In the Amiens arrondissement, canton of Amiens-Nord. Allonville is in the center of the city of the Ambiani, NE of Amiens, between the Roman roads running from Amiens to Arras and from Amiens to Cambrai and Bavay. Aerial photography has recently revealed far more than the archaeological studies of the 19th c.: a Roman villa in the area of Les Faurieux, another building of the same period at La Vallée du Cange, and two tumuli of an undetermined period (Bronze Age? Iron Age?) at Le Beuvrin. However, two important digs in 1966 confirmed the richness of the Allonville site. The first allows us to settle the much-debated problem of the dividing sandhills that are an essential feature of the Picardy landscape. These are not the result of natural modifications of the soil, as had long been thought, but of man's efforts to prevent erosion of the land. Excavation revealed a series of fossil-bearing furrows, showing that swing-plows once passed over the chalky soil, at the edge of a prehistoric ditch. A pile of earth was spread over everything, to break the slope. The other dig revealed a large cremation tomb inside a square enclosure.

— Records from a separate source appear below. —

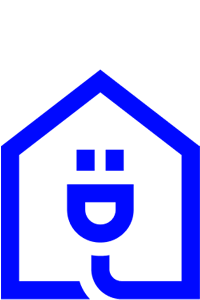 Sheehan Cadillac in Pompano Beach FL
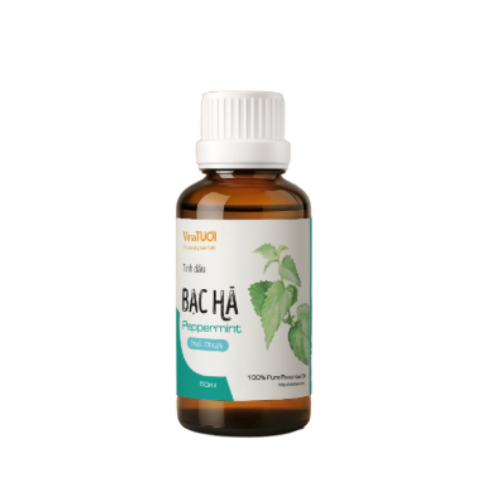 Tinh Dầu Nguyên Chất Vina Tươi 50ml - Bạc hà (1).png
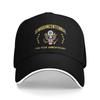 Semiquincentennial 250 Year Anniversary Unites States of America 1776-2026 Casual Baseball Cap Hats Unisex Adult Baseball Caps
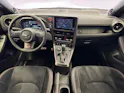 Toyota GR Yaris 1.6 Turbo Sport 4x4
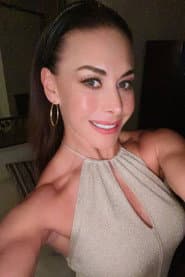 Vanessa Guzmán
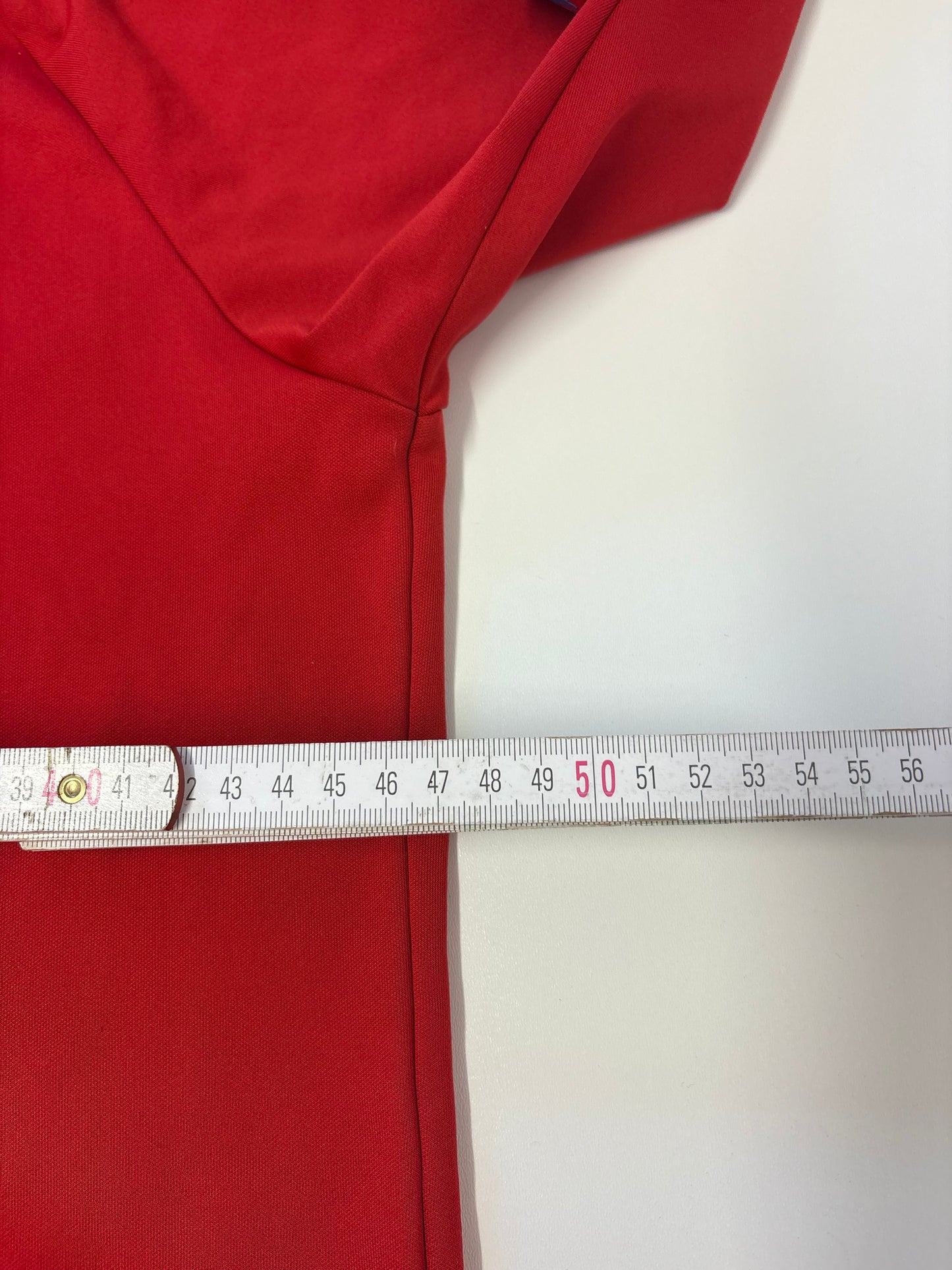 Nike Vintage Trackjacket M 6820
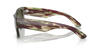 Ray-Ban Gözlük Unisex 0RB0840S 66355C 51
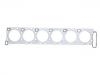 Cylinder Head Gasket:51.03901.0409
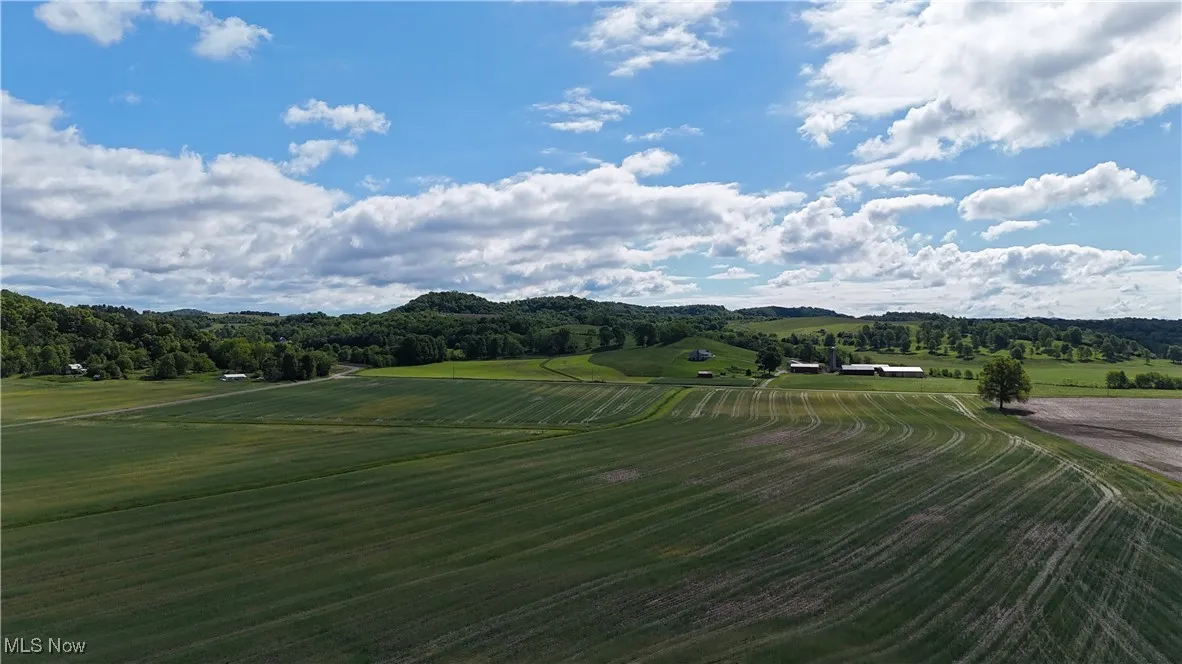 Township Road 154, West Lafayette, Ohio,MLS Now Listing ID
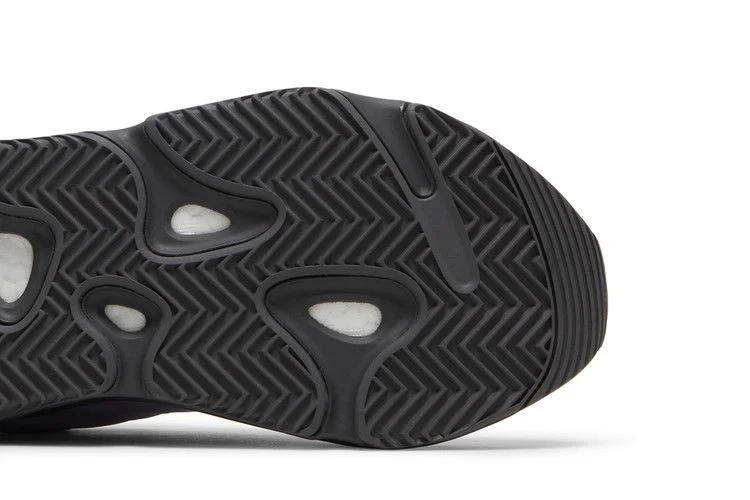 Кроссовки adidas Yeezy Boost 700 MNVN 'Geode'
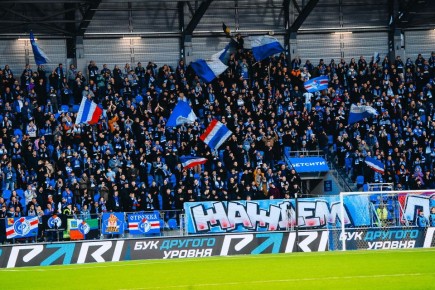 ��������� �����: ������ �� ������ � ��� ������� ����� ����� ����������� ������� � ���������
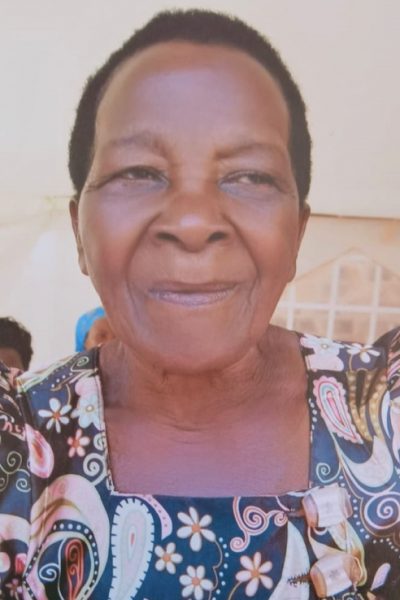NAKAZZI-MARGRET-SSEBOWA-NALONGO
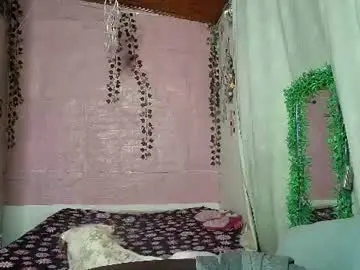 Chaturbate Adult Webcam of callme_lolas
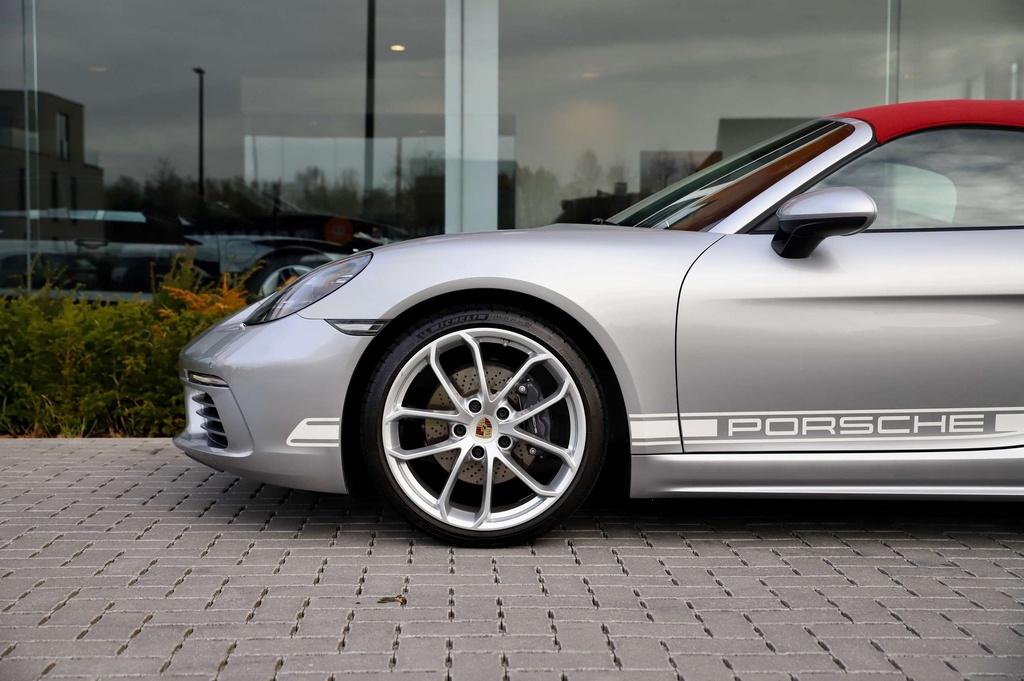 Autoscout Image 10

The large number of objects found there—vases, goblets, urns, etc.—seems to argue in favor of dating the tomb from Iron Age I. Now in the Musée de Picardie at Amiens, this material is being studied.


BIBLIOGRAPHY

R. Agache, “Archéologie aérienne de la Somme,” Bulletin special de la Préhistoire du Nord 6 (1964) pl. 32, no. 105; id., “Détection aérienne de vestiges protohistoriques gallo-romains et médiévaux dans la bassin de la Somme et ses abords,” Bulletin de la Préhistoire du Nord 7 (1970) pl. 82, no. 275, p. 194, no. 315, pl. 205, no. 651; E. Will, “Information archéologique de la circonscription Nord-Picardie,” Gallia 25, 2 (1967) 200-2.